▶ [Provided information]:
* * * * * * *

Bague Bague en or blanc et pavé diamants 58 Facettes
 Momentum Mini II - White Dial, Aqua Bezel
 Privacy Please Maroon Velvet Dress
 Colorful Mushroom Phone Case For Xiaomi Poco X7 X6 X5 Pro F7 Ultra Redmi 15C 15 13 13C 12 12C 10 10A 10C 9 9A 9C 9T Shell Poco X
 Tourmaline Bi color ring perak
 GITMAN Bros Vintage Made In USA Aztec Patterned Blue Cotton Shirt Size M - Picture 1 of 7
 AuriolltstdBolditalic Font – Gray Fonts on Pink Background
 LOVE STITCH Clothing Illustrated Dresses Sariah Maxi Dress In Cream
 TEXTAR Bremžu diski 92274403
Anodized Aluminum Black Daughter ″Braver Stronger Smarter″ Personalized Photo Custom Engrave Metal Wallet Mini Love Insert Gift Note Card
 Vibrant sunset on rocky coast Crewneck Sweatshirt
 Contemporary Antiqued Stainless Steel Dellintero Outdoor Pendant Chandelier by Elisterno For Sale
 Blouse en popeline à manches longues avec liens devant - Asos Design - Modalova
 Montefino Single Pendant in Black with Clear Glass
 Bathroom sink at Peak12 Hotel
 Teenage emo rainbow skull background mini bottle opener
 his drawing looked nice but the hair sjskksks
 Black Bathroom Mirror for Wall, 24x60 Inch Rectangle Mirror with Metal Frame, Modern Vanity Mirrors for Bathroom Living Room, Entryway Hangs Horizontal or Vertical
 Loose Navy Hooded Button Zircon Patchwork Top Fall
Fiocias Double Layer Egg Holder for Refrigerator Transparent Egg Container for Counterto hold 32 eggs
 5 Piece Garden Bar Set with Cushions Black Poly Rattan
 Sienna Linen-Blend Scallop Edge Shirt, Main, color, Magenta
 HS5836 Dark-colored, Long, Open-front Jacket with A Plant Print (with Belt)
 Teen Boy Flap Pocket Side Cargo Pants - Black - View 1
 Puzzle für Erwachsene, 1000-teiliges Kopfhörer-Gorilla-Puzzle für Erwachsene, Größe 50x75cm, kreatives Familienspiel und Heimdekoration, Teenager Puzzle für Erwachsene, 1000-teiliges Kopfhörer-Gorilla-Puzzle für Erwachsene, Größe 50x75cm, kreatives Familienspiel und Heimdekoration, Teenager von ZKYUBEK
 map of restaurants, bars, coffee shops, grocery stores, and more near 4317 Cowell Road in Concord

* * * * * * *

▶ [Task prompt]:
The whole listing above needs to be transcribed exactly.

▶ [Written answer]:
Bague Bague en or blanc et pavé diamants 58 Facettes
 Momentum Mini II - White Dial, Aqua Bezel
 Privacy Please Maroon Velvet Dress
 Colorful Mushroom Phone Case For Xiaomi Poco X7 X6 X5 Pro F7 Ultra Redmi 15C 15 13 13C 12 12C 10 10A 10C 9 9A 9C 9T Shell Poco X
 Tourmaline Bi color ring perak
 GITMAN Bros Vintage Made In USA Aztec Patterned Blue Cotton Shirt Size M - Picture 1 of 7
 AuriolltstdBolditalic Font – Gray Fonts on Pink Background
 LOVE STITCH Clothing Illustrated Dresses Sariah Maxi Dress In Cream
 TEXTAR Bremžu diski 92274403
Anodized Aluminum Black Daughter ″Braver Stronger Smarter″ Personalized Photo Custom Engrave Metal Wallet Mini Love Insert Gift Note Card
 Vibrant sunset on rocky coast Crewneck Sweatshirt
 Contemporary Antiqued Stainless Steel Dellintero Outdoor Pendant Chandelier by Elisterno For Sale
 Blouse en popeline à manches longues avec liens devant - Asos Design - Modalova
 Montefino Single Pendant in Black with Clear Glass
 Bathroom sink at Peak12 Hotel
 Teenage emo rainbow skull background mini bottle opener
 his drawing looked nice but the hair sjskksks
 Black Bathroom Mirror for Wall, 24x60 Inch Rectangle Mirror with Metal Frame, Modern Vanity Mirrors for Bathroom Living Room, Entryway Hangs Horizontal or Vertical
 Loose Navy Hooded Button Zircon Patchwork Top Fall
Fiocias Double Layer Egg Holder for Refrigerator Transparent Egg Container for Counterto hold 32 eggs
 5 Piece Garden Bar Set with Cushions Black Poly Rattan
 Sienna Linen-Blend Scallop Edge Shirt, Main, color, Magenta
 HS5836 Dark-colored, Long, Open-front Jacket with A Plant Print (with Belt)
 Teen Boy Flap Pocket Side Cargo Pants - Black - View 1
 Puzzle für Erwachsene, 1000-teiliges Kopfhörer-Gorilla-Puzzle für Erwachsene, Größe 50x75cm, kreatives Familienspiel und Heimdekoration, Teenager Puzzle für Erwachsene, 1000-teiliges Kopfhörer-Gorilla-Puzzle für Erwachsene, Größe 50x75cm, kreatives Familienspiel und Heimdekoration, Teenager von ZKYUBEK
 map of restaurants, bars, coffee shops, grocery stores, and more near 4317 Cowell Road in Concord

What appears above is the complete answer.